Critique of method is not without precedence, and a series of important moments from different eras informed our discussions. In 1975, Paul Feyerabend wrote Against Method, setting the tone for the questioning to come. His rallying cry opposed the strict constraints that methods can impose, which Feyerabend considered weakening epistemological openness. Down the decades, John Law’s 2004 After Method speculated on the practices of analysis and writing in the wake of methods deconstruction, questioning stereotypical UK social science methods training. Inventive Methods by Lury and Wakeford (2012) is an inheritor to these questions, turning to specific devices in the doing of epistemic work. Their range of method devices ran from tape recorders to the conceptual work of “configuration”, elaborated by Lucy Suchman. Even though these texts were very much about the relation between methods and the making of worlds, the collection did not focus on narratives of how certain kinds of method assemblages, used in specific places at specific times, produced researchers’ own particular accounts.
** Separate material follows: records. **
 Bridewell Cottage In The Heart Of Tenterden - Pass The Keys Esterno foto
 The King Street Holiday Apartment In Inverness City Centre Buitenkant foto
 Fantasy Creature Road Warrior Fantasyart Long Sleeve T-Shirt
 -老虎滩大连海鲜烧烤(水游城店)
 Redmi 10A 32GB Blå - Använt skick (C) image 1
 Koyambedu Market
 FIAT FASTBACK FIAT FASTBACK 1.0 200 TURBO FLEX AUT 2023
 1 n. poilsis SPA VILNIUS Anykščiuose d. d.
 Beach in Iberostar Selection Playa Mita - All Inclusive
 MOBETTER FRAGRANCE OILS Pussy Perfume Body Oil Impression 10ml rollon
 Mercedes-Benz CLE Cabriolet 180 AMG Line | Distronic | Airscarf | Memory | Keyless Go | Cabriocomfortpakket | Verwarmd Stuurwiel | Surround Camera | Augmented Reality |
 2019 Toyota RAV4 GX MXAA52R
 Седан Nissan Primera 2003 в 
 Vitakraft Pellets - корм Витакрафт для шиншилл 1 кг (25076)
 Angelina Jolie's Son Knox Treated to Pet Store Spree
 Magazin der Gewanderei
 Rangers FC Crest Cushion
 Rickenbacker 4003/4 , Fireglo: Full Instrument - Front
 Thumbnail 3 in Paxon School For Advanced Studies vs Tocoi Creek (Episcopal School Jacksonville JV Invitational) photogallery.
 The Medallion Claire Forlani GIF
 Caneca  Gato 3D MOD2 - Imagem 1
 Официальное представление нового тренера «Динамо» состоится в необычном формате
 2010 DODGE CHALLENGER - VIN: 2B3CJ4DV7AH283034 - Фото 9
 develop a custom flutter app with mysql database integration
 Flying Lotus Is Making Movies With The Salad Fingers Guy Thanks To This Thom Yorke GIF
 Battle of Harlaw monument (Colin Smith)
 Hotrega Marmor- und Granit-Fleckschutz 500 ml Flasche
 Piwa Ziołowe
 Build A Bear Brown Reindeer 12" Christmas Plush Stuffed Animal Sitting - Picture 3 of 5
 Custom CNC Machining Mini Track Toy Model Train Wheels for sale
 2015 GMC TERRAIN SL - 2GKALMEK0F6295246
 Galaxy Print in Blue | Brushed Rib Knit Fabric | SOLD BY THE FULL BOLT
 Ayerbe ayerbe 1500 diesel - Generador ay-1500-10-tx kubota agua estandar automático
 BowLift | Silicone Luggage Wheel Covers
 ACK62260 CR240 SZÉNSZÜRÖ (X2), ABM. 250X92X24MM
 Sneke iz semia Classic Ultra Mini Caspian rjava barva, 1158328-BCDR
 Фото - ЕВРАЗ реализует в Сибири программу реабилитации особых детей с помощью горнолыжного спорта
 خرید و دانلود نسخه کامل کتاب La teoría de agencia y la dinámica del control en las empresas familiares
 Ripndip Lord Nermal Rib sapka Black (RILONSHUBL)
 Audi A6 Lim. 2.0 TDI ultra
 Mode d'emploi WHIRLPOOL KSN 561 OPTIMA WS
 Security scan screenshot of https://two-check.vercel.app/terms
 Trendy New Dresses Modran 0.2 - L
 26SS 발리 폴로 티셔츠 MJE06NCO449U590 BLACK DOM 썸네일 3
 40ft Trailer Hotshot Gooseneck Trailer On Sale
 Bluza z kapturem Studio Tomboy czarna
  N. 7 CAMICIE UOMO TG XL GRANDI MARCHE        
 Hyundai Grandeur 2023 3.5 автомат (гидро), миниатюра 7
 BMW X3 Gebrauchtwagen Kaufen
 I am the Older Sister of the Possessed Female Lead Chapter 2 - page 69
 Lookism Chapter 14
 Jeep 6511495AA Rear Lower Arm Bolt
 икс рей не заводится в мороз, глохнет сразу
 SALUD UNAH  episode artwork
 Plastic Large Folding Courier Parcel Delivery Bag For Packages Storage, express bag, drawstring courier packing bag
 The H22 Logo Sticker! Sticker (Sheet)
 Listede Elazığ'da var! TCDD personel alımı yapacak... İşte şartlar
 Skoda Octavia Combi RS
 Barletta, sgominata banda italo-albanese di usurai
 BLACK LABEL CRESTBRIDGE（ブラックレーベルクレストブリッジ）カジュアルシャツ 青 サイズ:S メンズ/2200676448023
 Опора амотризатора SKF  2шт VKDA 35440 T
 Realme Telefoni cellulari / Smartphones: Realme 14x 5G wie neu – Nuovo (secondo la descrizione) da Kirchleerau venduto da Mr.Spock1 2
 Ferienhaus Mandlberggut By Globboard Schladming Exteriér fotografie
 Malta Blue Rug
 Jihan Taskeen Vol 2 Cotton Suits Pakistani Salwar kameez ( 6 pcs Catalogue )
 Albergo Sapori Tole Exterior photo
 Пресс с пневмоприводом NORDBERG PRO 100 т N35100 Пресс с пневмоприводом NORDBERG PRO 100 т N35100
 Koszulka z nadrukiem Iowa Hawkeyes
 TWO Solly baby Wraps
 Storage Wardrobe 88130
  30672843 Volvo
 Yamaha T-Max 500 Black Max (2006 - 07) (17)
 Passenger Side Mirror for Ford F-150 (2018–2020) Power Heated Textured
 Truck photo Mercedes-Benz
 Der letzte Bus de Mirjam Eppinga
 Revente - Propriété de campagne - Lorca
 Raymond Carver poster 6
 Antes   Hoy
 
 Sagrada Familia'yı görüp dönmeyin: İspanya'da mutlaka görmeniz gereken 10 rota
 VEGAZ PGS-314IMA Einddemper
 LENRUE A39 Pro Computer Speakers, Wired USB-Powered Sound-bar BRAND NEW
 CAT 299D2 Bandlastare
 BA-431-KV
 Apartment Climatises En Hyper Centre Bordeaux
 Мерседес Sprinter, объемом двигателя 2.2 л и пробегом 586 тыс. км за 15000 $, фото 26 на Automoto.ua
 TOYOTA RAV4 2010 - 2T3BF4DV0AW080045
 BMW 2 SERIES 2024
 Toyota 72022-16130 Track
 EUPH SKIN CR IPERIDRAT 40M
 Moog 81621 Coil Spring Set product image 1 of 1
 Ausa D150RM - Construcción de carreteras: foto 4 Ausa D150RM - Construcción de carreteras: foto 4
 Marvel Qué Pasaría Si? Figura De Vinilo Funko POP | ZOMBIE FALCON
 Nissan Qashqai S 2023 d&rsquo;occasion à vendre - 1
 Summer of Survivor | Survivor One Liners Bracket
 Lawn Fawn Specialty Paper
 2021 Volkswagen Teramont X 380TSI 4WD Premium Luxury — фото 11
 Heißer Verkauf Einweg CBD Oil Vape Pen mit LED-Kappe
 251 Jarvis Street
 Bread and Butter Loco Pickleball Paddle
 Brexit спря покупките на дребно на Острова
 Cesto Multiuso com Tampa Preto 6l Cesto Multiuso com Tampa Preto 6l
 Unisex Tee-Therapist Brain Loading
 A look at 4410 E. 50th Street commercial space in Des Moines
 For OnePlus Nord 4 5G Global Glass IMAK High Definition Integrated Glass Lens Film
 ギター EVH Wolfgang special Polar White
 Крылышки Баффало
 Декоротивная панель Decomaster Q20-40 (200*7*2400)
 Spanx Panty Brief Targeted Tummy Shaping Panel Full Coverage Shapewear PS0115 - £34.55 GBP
The term methodography arises in the work of STS ethnomethodologists Christian Greiffenhagen, Michael Mair and Wes Sharrock (2011) which contemplates the difference between methodologies that are prescriptive and studies that allow for the problematisation of qualitative research method within the account given. At that point, STS and its methods did not arise as an empirical field for their questions – something that arose as a point of discussion at the EASST/4S Roundtable ‘Does STS have problems?’, organised by Noortje Marres and Endre Dányi in 2016[2] . Yet typically texts that question STS methods waver between a prescriptive-normative take and a descriptive problematisation (e.g. Hyysalo, Pollock and Williams, forthcoming; Lippert 2014). 

Focussing on descriptive problematisation of STS methods-in-action, Lippert and Verran’s (2018) special issue in the EASST Journal Science & Technologies Studies highlights how different modalities of performing an analytics produce different accounts. Such contemporary scholarship increasingly calls for more detailed engagement with how STS researchers do and interpret specific methods, research designs and analytics. 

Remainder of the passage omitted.